Pengungkapan kasus ini berawal dari laporan masyarakat yang mencurigai adanya kejadian tidak wajar di lokasi tersebut.
“Berdasarkan laporan masyarakat, petugas segera mendatangi tempat kejadian perkara dan melakukan tindakan kepolisian berupa pengamanan TKP, pemasangan garis polisi, serta olah TKP bersama Tim Inafis Polres Purwakarta,” ujar Hendra, Senin (12/1/2026)
Pada Sabtu sore sekitar pukul 18.30 WIB, seorang saksi bernama Baya Sunarya mendengar suara teriakan minta tolong sebanyak tiga kali dari arah bawah rumahnya. Saksi kemudian berupaya memastikan sumber suara tersebut bersama warga lainnya.
Saat dilakukan pengecekan ke lokasi, saksi menemukan bercak darah di sekitar terpal, yang kemudian dilaporkan kepada Kepala Desa, Bhabinkamtibmas, hingga Polsek Kiarapedes. Petugas yang tiba di lokasi langsung melakukan Tindakan Pertama di Tempat Kejadian Perkara (TPTKP) dan menghubungi Satreskrim Polres Purwakarta.

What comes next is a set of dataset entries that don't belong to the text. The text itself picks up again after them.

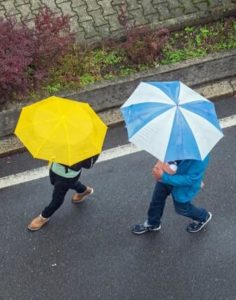 Couple with umbrellas walking through Fayetteville, WV. 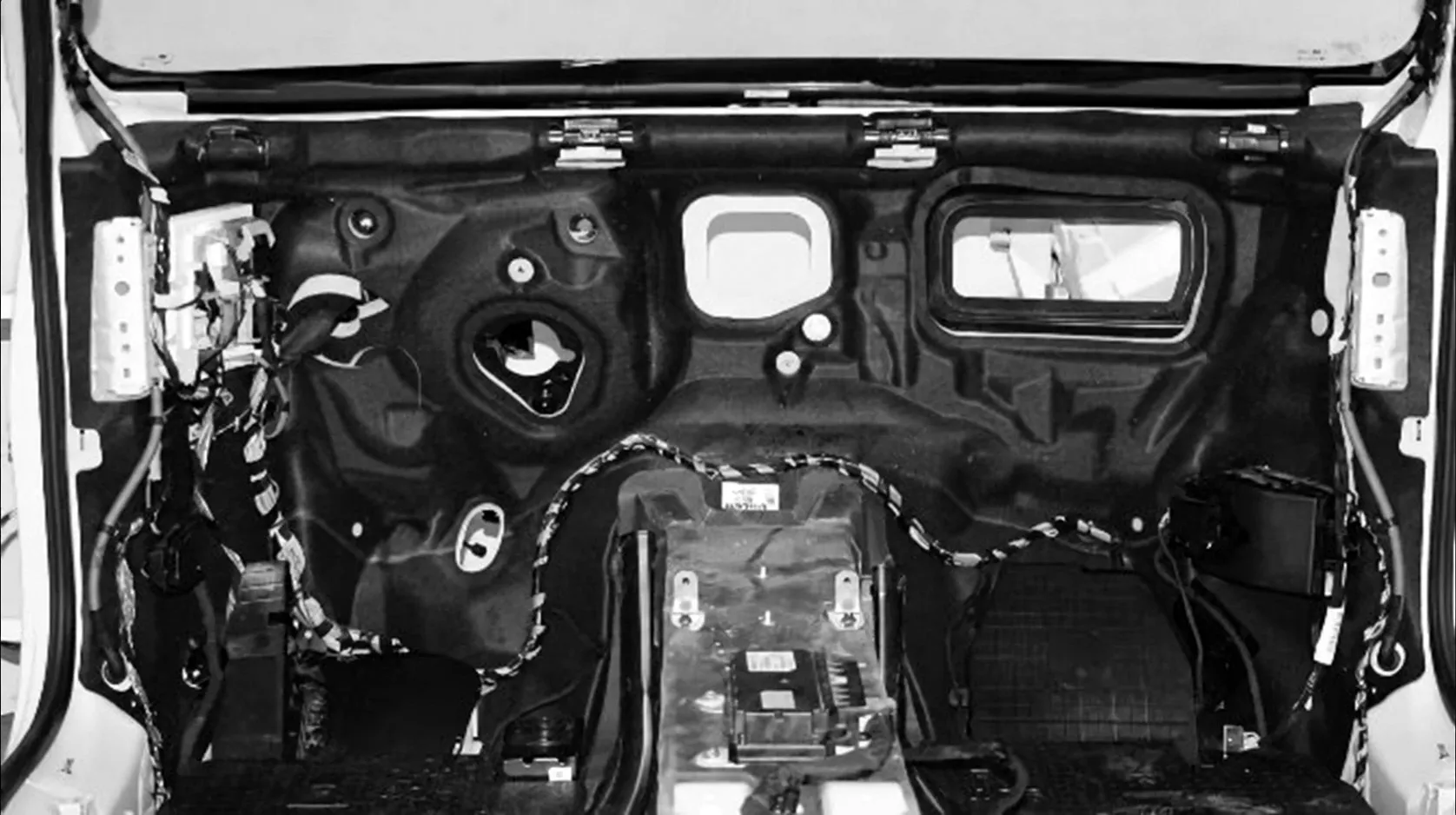 The black firewall insulation lining the front bulkhead of a car, seen from inside with the dashboard removed
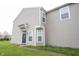 Charming two-story home featuring neutral siding, manicured lawn, and a welcoming entrance at 4545 Connaught East Dr, Plainfield, IN 46168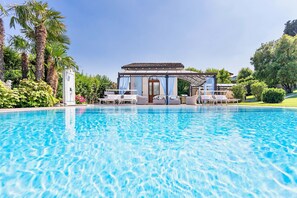 Une piscine avec des chaises longues et, au fond, un bâtiment surmonté d’une pergola.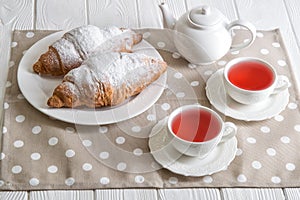 Close up. Valentine`s day celebration. Romantic breakfast for two. Freshly baked French croissants and berry tea in openwork cups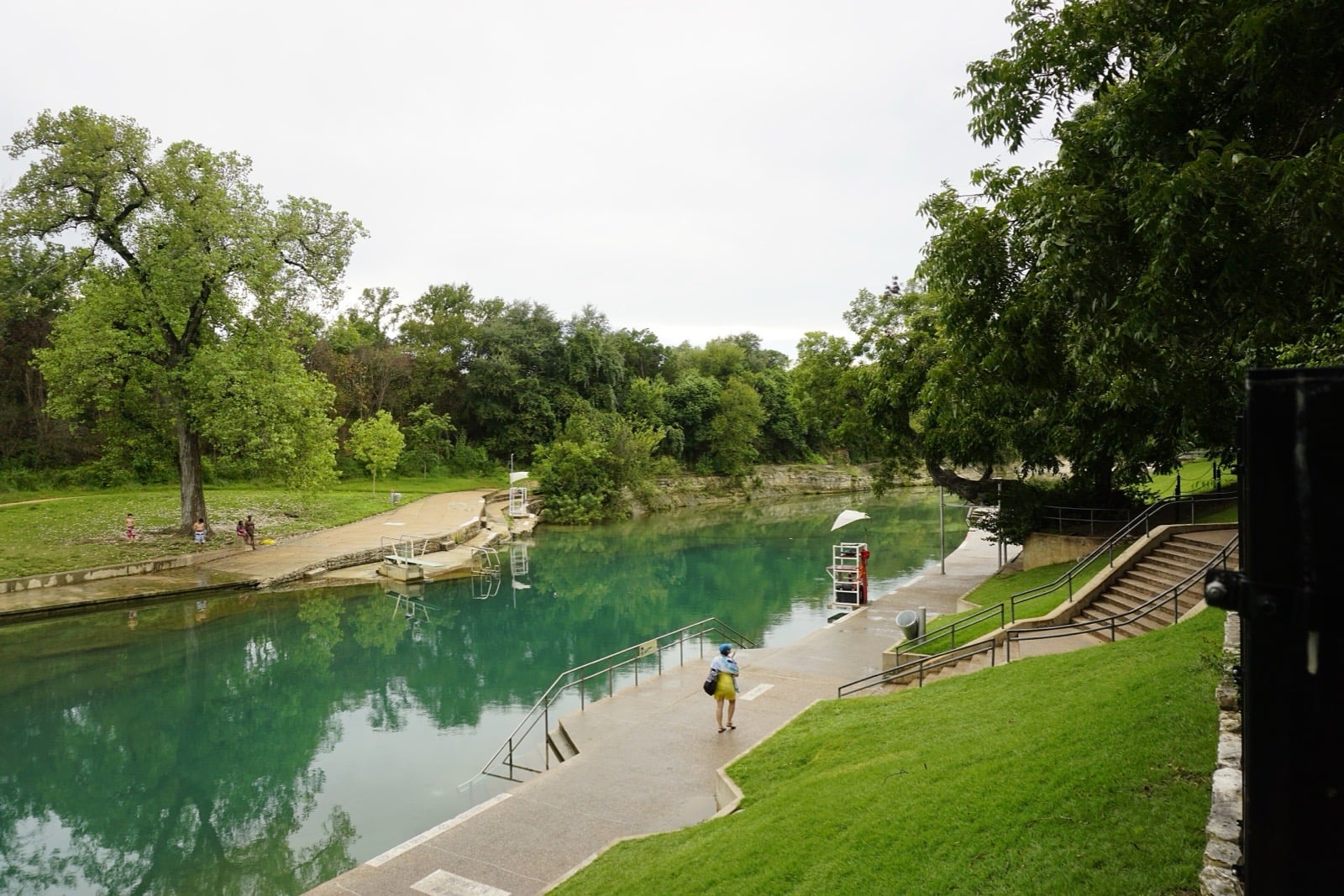 Barton Springs Pool, a spring-fed pool with clear green water surrounded by trees and lawn
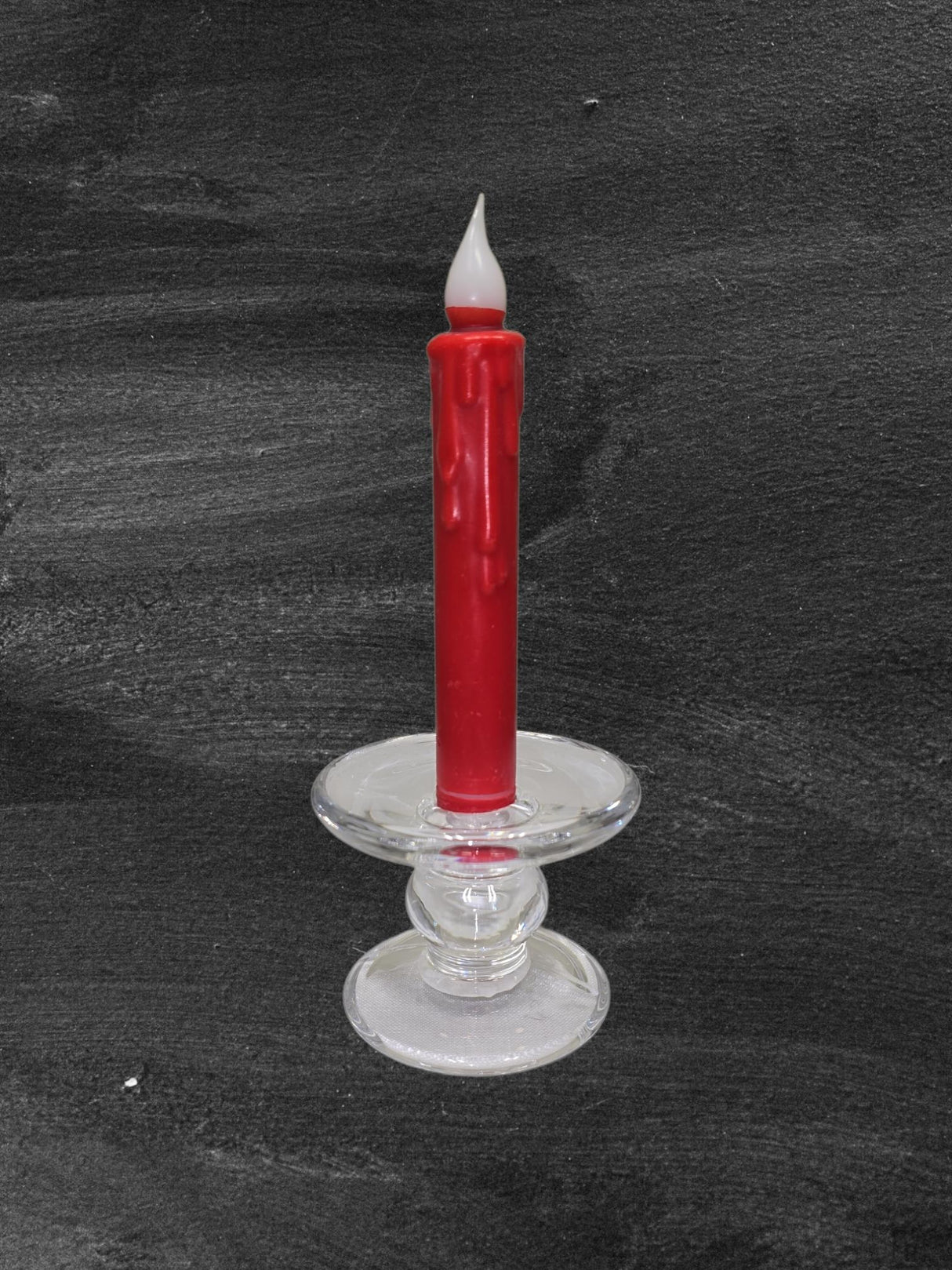 A red wax candle with drips stands in a clear Glass Dual-Size Reversible Candle Holder for taper, ball, or pillar candles, set against a dark textured background.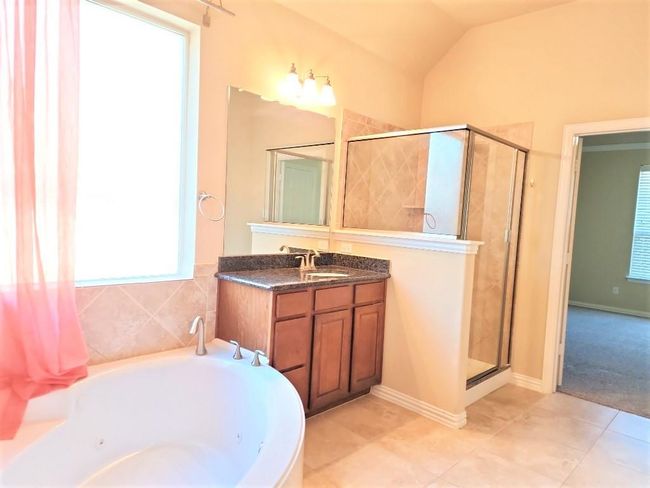 Bathroom with a tub with jets, vanity, a shower stall, tile patterned floors, and lofted ceiling | Image 19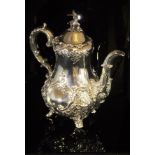 A Victorian silver coffee pot with all-over scrolling foliate decoration,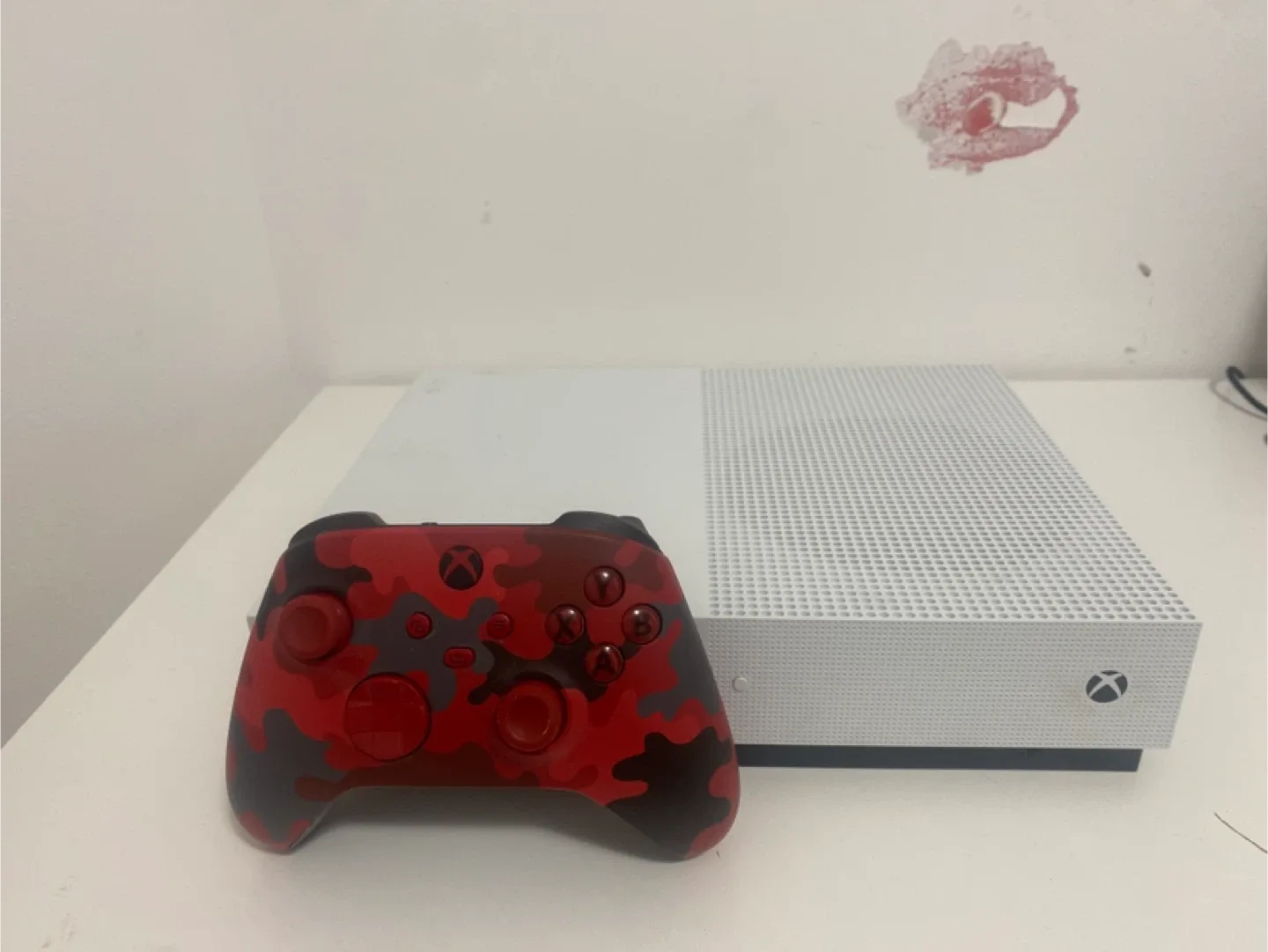 Xbox One S with games and controller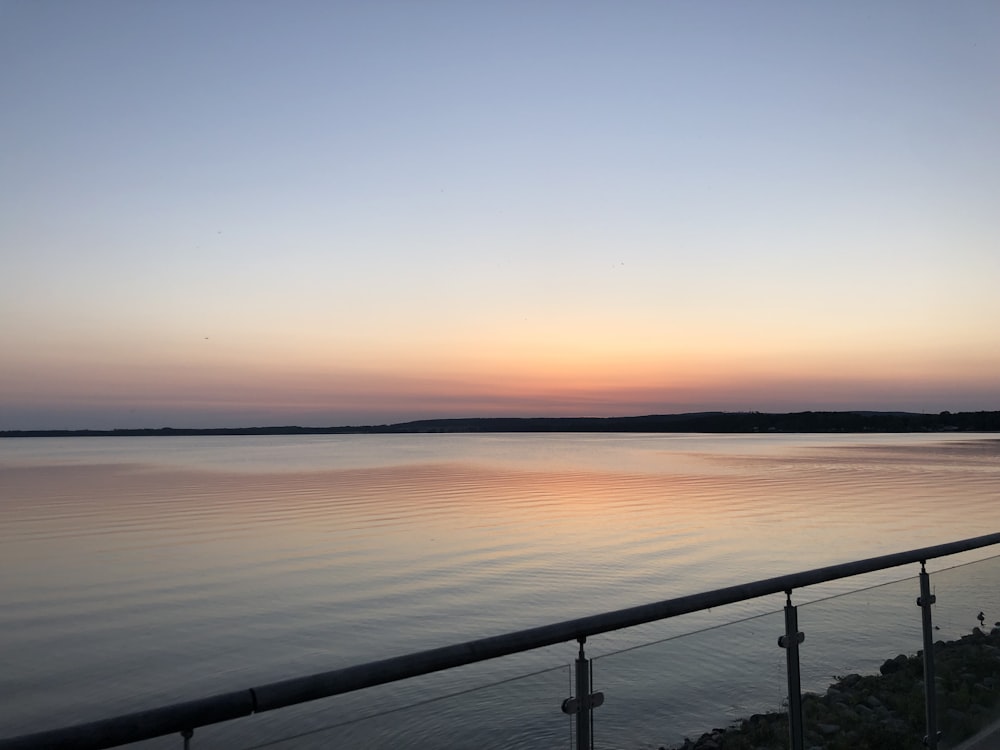 a view of a body of water at sunset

Dari hasil olah TKP, petugas menemukan barang bukti berupa: Satu buah golok bergagang kayu, Satu lembar terpal yang digunakan untuk menutupi korban, Korban ditemukan dalam kondisi terlentang dengan luka bacok di bagian kepala sebelah kiri, luka robek di pipi kiri dan kanan, serta luka lebam pada mata kiri.
Berdasarkan hasil penyelidikan dan keterangan saksi-saksi, Satreskrim Polres Purwakarta berhasil mengamankan terduga pelaku berinisial JSJ (45), warga Desa Kiarapedes, tanpa perlawanan.
Saat dilakukan pendalaman, petugas menemukan adanya bekas darah pada tangan dan kaki terduga pelaku. Dengan disaksikan Ketua RW setempat, pelaku berhasil diamankan di rumahnya.
Peristiwa bermula saat korban mendatangi rumah pelaku untuk menagih sisa utang sebesar Rp100.000. Cekcok mulut pun tak terhindarkan hingga berujung perkelahian. Dalam peristiwa tersebut, pelaku merebut golok yang sebelumnya dipegang korban dan secara membabi buta membacok korban hingga tidak sadarkan diri dan meninggal dunia.
Saat ini, pelaku telah diamankan dan menjalani pemeriksaan lebih lanjut oleh penyidik Satreskrim Polres Purwakarta. Polisi juga terus melengkapi alat bukti, memeriksa saksi-saksi, serta berkoordinasi dengan pihak keluarga korban. Atas perbuatannya, pelaku disangkakan Pasal 458 ayat (1) Undang-Undang Nomor 1 Tahun 2023 tentang KUHP, dengan ancaman pidana sesuai ketentuan hukum yang berlaku.